10 июля 1839 г. Горбачевский вышел на поселение и остался тут же, в Петровском Заводе, хотя и имел одно время желание переехать вместе с Е.П. Оболенским и А.А. Быстрицким в Верхнеудинск. Коронационный манифест 26 августа 1856 г., разрешавший декабристам вернуться в центральные губернии России, застал Горбачевского на старом месте. Для переезда в Россию у него не было средств. Деньги, которые высланы были ему по завещанию умершего брата, в значительной части до него не дошли.
В 1863 г. племянники Горбачевского, дети Анны Ивановны Квист (в первую очередь Оскар Ильич), выхлопотали ему разрешение жить в Петербурге и Москве и звали его в Петербург, беря на себя полностью его содержание. Однако Горбачевский не воспользовался этой возможностью и отклонил предложение племянников. Он боялся оказаться в России еще более, чем в Сибири, одиноким и чужим новому поколению, не хотел попасть в материальную зависимость от родственников; «... ехать на неизвестное, жить с людьми, которых не знаю, хотя и считаются родными, что я буду там делать», - писал он Оболенскому. Так и остался Горбачевский навсегда один в Петровском Заводе, потому что все товарищи его разъехались в разные стороны.
Тотчас же по выходе на поселение перед Горбачевским встала забота о средствах для существования. Сбережений его едва хватило, чтобы приобрести небольшой домик. Родные могли оказывать ему лишь очень скромную поддержку. И вот Горбачевский, не имея ни природной склонности, ни опыта в хозяйственных делах, должен был взяться за предпринимательство.
По совету знакомых, он, купив лошадей, занялся извозом по казенным подрядам. Но очень скоро понес изрядный убыток (900 руб.) и бросил это занятие. Вслед за этим, вместе с заводским доктором Д.3. Ильинским, он принялся за мыловарение, потерял на этом деле до 2 000 рублей и остался совершенно без денег.

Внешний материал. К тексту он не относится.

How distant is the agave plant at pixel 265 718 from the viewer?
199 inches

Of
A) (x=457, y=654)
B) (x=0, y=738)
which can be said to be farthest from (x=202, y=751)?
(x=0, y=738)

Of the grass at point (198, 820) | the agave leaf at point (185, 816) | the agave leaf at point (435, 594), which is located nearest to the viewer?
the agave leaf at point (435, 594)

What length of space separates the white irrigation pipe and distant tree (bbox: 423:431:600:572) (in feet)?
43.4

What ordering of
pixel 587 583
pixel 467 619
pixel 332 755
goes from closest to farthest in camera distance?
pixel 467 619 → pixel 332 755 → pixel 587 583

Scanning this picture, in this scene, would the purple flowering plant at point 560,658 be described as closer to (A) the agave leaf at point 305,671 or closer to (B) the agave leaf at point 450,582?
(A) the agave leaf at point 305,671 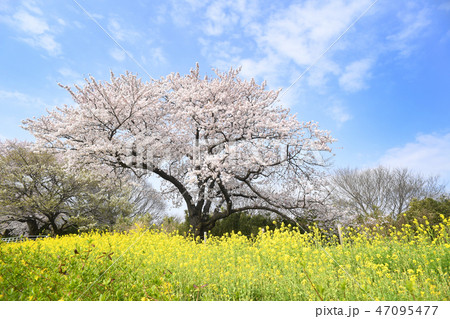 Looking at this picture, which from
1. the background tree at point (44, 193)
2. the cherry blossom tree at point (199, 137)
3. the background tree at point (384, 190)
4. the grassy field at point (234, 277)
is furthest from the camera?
the background tree at point (384, 190)

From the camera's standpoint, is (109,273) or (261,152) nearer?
(109,273)

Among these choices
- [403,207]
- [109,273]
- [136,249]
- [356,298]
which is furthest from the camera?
[403,207]

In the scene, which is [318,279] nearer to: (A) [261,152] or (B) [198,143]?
(A) [261,152]

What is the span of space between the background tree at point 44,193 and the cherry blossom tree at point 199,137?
473 cm

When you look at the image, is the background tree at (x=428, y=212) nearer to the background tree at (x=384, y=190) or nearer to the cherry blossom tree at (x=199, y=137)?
the cherry blossom tree at (x=199, y=137)

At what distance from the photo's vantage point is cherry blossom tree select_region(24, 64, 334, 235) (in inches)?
388

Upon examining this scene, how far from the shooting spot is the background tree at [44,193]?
15.5 m

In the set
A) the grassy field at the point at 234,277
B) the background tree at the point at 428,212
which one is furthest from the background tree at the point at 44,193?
the background tree at the point at 428,212

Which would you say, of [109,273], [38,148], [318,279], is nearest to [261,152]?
[318,279]

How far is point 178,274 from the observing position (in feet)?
12.8

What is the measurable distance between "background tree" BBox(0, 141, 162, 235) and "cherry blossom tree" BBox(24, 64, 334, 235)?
4.73 m

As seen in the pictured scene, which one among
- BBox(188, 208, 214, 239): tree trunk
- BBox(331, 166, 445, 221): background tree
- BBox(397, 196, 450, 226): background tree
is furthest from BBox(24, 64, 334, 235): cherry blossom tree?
BBox(331, 166, 445, 221): background tree

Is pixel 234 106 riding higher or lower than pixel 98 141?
higher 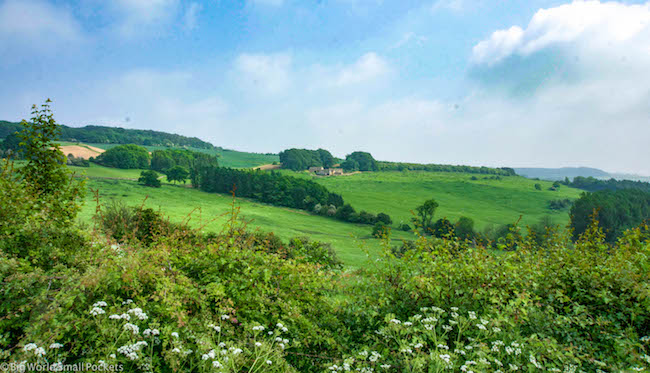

Позднее Горбачевский завел мельницу, но и ее доходность оказалась весьма сомнительной. По доброте своей Горбачевский без отказа раздавал муку в долг заводским жителям и соседним крестьянам. Долги собирались туго, сроки их возвращения, как правило, нарушались. Должники всегда умели разжалобить Горбачевского, а при случае и обмануть. Ему пришлось вернуться к подрядам на казну и на частных золотопромышленников.
При скромных потребностях, он сводил кое-как концы с концами, но необходимость постоянно изворачиваться, постоянно налаживать вместо лопнувшего предприятия какое-нибудь новое, столь же не интересное и столь же мало доходное, тяготило его, и чем дальше, тем более ненавидел и проклинал он свое хозяйство.
Горбачевский пользовался на Петровском Заводе общим уважением, став центральной фигурой немногочисленного местного общества. Заводские инженеры, священник, несколько купцов, кое-кто из заводских мастеров и тянувшаяся к просвещению молодежь составляли его окружение. Они брали у Горбачевского книги; через него шли в обращение по Заводу журналы и газеты, издававшиеся не только в России («Библиотека для чтения», «Сын отечества», «Московские ведомости»), но и за границей, - «Полярная звезда», «Колокол», «Правдивый» П.В. Долгорукова и др.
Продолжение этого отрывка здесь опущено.